For the listing below, output exactly the lines from the line with "Digital Toast Heater, Steel, Black, 1700-1440" up to and including the line with "Danish vintage pendant", and no other lines.

SUPPLIED RECORDS

####

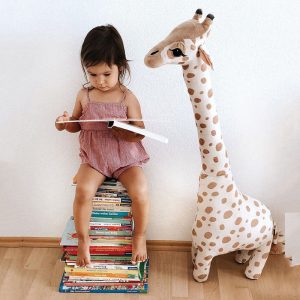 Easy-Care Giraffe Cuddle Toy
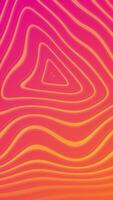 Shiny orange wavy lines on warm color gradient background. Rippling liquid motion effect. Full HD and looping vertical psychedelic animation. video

####

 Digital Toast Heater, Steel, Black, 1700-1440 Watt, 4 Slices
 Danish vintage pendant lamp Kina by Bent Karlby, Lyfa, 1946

####

ANSWER FOR THIS EXERCISE
 Digital Toast Heater, Steel, Black, 1700-1440 Watt, 4 Slices
 Danish vintage pendant lamp Kina by Bent Karlby, Lyfa, 1946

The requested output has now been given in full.